Book Buzz: Yellow Bird

Yellow Bird: Oil, Murder, and A Woman’s Search for Justice in Indian Country by Sierra Crane Murdoch

The recent media frenzy over the murder of 22-year-old Gabby Petito is drawing some disheartening comparisons to the attention paid to the alarming number of missing indigenous women across the United States. In South Dakota alone, there are currently 30 women who are missing. On some reservations, Native American women are murdered at a rate more than 10 times the national average.

Lissa Yellowbird-Chase, a member of the Three Affiliated Tribes in North Dakota, knows all about the stats. A former meth addict turned sleuth, Yellowbird-Chase has been doggedly pursuing murderers and seeking justice ever since she was released from prison herself in 2009. Her specialty is cold cases, which she throws herself into, paying little heed to her health, safety, or what people think about her.

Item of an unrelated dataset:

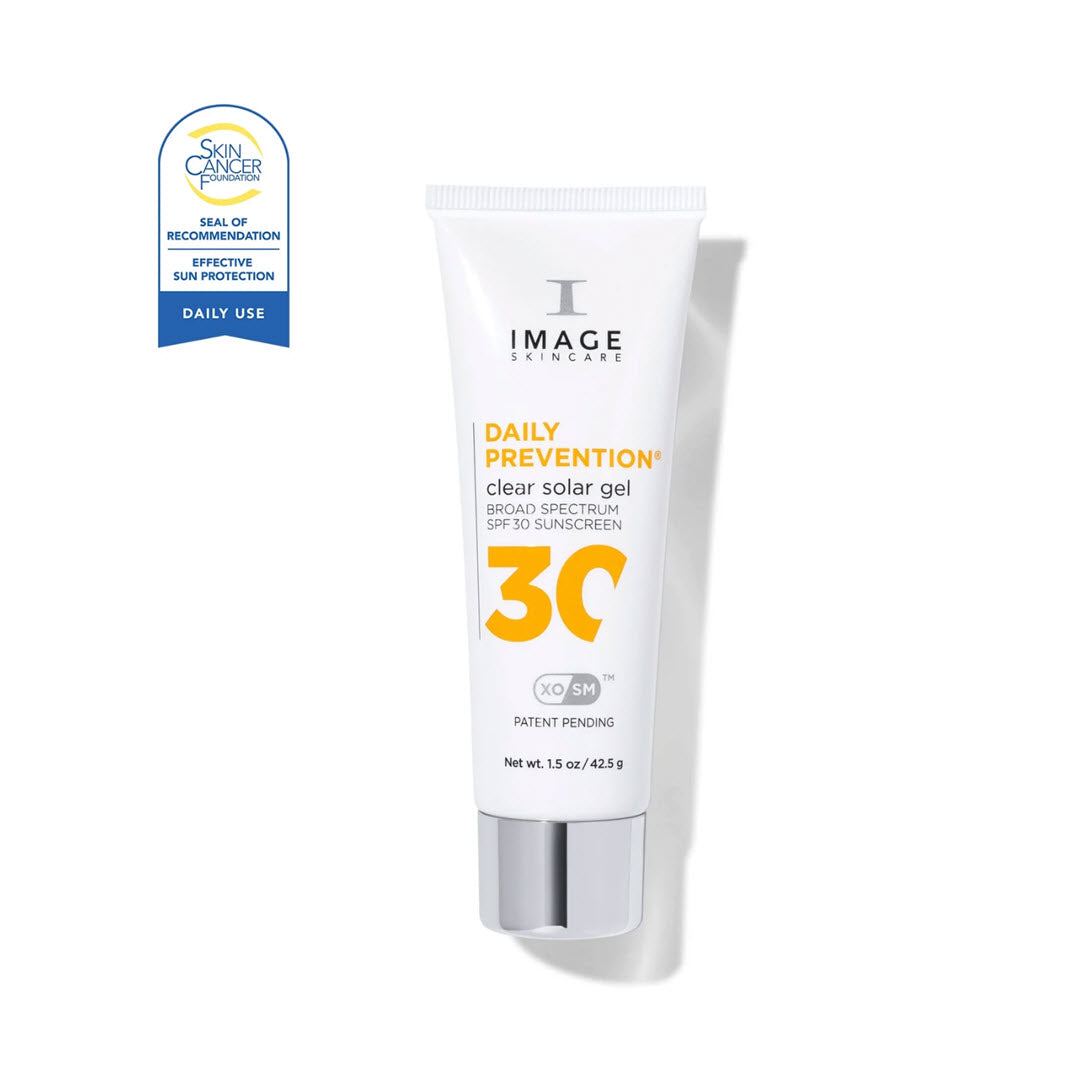 IMAGE SKINCARE® clear solar gel SPF 30 - 1.5 oz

You may have heard about her on the radio program This American Life or on NBC’s Dateline. Author Sierra Crane Murdoch spent multiple years getting to know Yellowbird-Chase in all her complexity, and presents a thoroughly researched and sensitive account of Yellowbird-Chase’s early cases. The book, Yellow Bird: Oil, Murder, and a Woman’s Search for Justice in Indian County, was honored as a finalist for the Pulitzer Prize, and can be appreciated by those who enjoy powerful, narrative nonfiction as well as true-crime enthusiasts.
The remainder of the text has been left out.